The Carter administration, facing growth opposition to legislation to implement the Panama Canal treaties, charged yesterday that congressional foes have made "highly innacurate" estimates of how much the legislation will cost U.S. taxpayers.

At a hastily called press briefing, senior state department and Pentagon officials inisted that costs to the U.S. treasury should not exceed $870 million between now and the end of the century when transfer of the canal to Panamanian control is due to be completed.

If anything, the officials added, this administration estimate is "probably on the high side" and far more in line with reality than the price tag ascribed to transfer of the canal by such opponents as Rep. George Hansen (R-Idaho). He has estimated that the transfer costs will exceed $20 billion.

The administration's rush to get its cost estimates on the record came amid signs that its request for funds and other legislation necessary to put the canal treaties into effect is facing a very rough time in Congress.

The House Merchant Marine Committee, under the leadership of its chairman, Rep. John Murphy (D-N.Y.), an outspoken opponent of surrending U.S. control of the canal, tentatively has amended the requested legislation in ways that clash directly with the provisions of the treaties.

Hopes that the administration can muster sufficient congressional backing to force Murphy into compromises on the enabling legislation were given a severe jolt Thursday when the House, by a lopsided vote of 272 to 117, eliminated $2.5 million in requested military sales credits for Panama from the fiscal 1980 military aid bill.

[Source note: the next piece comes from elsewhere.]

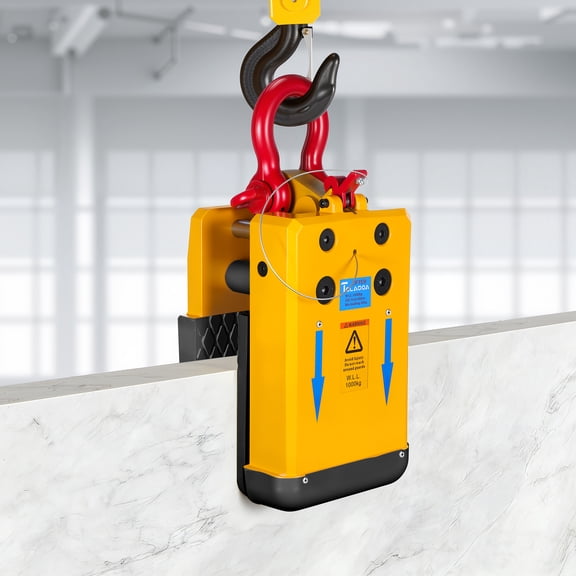 YEAHIBABY Stone Lifting Clamp Heavy Duty Steel and Rubber for DIY Use Up to 2204Lbs Yellow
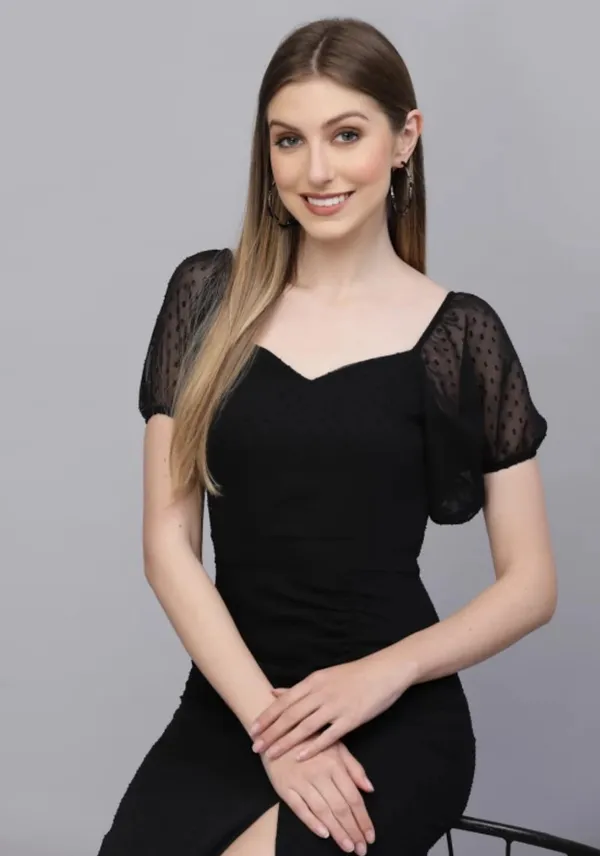 Black_Georgette_Premium_And_Elegant_Midi_Dress_For_Women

The administration officials, who declined to be names, sought yesterday to minimize the impact by noting that the military aid and canal legislation technically are separate issues. But the heavy vote against military assistance for Panama underscored clearly that strong anti-treaty sentiment exists in the House and that the administration doesn't have much leverage to bring against Murphy and his backers at this time.

Part of the problem stems from charges that the administration was deceptive in its statements about transfer costs at the time when the Senate was debating aproval of the treaties last year. Then, President Carter and other officials kept emphasizing that the treaty requirements for payments to Panama-about $75 million a year-would come exclusively from canal tolls and would not be charged to U.S. taxpayers.

That, administration officials insisted yesterday, is still the case. However, they added, the administration has never denied that other costs involved in the transfer-principally relocation of U.S. military facilities and special beneifts payable to canal employes-will have to be paid by the United States.

Originally the administration estimated these costs at about $350 million. Reminded of that fact yesterday, the officials said their newer estimate of $870 million is based on a better understanding of the specified problems involved.

But while conceding that the estimate doubled in a year, the officials insisted that the $870 million is an accurate projection of what the transfer costs shoule be. They denied vehemently that the figure will keep climbing into billions of dollars as opponents have charged.

In addition, they stressed, these costs should be considered in terms of the benefits that transfer of the canal allegedly will give the United States safe and quick transit for U.S. vessels, better defence of the canal and a dominant voice in the canal's management until the end of the country.